Glasgow with a Flourish by Michael Meighan provides short biographies of 32 of Glasgow's notable citizens, mostly from the past century and a half. As the author says in his introduction: "Those I have chosen are by no means all those with a flourish. It is mostly my own personal selection, featuring names I grew up with, or whom my parents and their generation talked about; people like Will Fyffe and Tommy Lorne, hugely famous in their time and all but forgotten now. When my interest in Glasgow started me off on a quest to discover those people who have made Glasgow flourish, I suppose it was inevitable that I would look at them in terms of what made them the kind of people who are remembered as great Glaswegians."

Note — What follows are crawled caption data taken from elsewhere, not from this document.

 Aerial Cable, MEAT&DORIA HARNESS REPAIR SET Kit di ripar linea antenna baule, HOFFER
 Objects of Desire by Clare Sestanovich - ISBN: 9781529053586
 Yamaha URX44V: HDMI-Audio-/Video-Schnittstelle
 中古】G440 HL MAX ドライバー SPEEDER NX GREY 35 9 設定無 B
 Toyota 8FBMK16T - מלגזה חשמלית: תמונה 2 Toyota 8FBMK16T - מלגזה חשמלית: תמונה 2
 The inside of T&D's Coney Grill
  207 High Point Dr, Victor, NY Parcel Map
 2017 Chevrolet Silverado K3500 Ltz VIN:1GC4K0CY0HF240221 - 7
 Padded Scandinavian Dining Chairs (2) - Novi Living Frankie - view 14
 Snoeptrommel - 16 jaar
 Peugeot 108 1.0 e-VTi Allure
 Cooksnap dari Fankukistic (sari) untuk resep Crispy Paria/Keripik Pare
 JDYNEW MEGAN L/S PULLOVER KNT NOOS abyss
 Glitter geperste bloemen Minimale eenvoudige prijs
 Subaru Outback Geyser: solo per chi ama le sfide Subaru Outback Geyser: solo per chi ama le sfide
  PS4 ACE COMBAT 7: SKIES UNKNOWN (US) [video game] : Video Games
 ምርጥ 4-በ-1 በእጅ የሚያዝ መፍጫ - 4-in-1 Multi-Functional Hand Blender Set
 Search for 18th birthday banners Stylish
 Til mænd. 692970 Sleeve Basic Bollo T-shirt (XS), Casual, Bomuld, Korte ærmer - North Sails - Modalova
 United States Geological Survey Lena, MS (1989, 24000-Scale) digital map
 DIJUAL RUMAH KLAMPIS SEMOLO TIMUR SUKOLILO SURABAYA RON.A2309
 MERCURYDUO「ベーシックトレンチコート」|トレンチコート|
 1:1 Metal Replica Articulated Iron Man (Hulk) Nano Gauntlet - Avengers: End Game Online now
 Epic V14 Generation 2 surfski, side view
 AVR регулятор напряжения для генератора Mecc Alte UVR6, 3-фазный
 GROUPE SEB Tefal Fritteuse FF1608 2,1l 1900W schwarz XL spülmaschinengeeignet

Glasgow grew dramatically during the 1800s to become Scotland's largest city and the second city of the British Empire, and it did so largely as a result of the imagination and sheer hard work of those who lived there. During the period covered, there were probably hundreds of people in Glasgow whose achievements or personalities might qualify them for inclusion in a book such as this, and no two of us would ever make the same selection. What makes "Glasgow with a Flourish" such an enjoyable book is that the author is very clear about the reasons for his selection, and his own interactions with his subjects' stories becomes an important part of the telling of those stories. This is a book written by someone with a deep and obvious passion for Glasgow, and that helps bind together what might otherwise appear a collection of unrelated biographies.
Some of those covered would probably be on many people's lists of Glasgow notables. Tom Honeyman established a world class art gallery; Hugh Robertson founded a leading choir; and Thomas Lipton a commercial empire. Inventors like Charles Eggar (the police box) and James Young (the world's first oil refinery) also feature, as do figures from the world of entertainment such as Glen Daly, Jimmy Logan and Lonnie Donegan. And the contributions of the fairer half of the population are not overlooked, with the inclusion of artist Hanna Frank, and Ella Glaister, author of the Glasgow Cookery Book.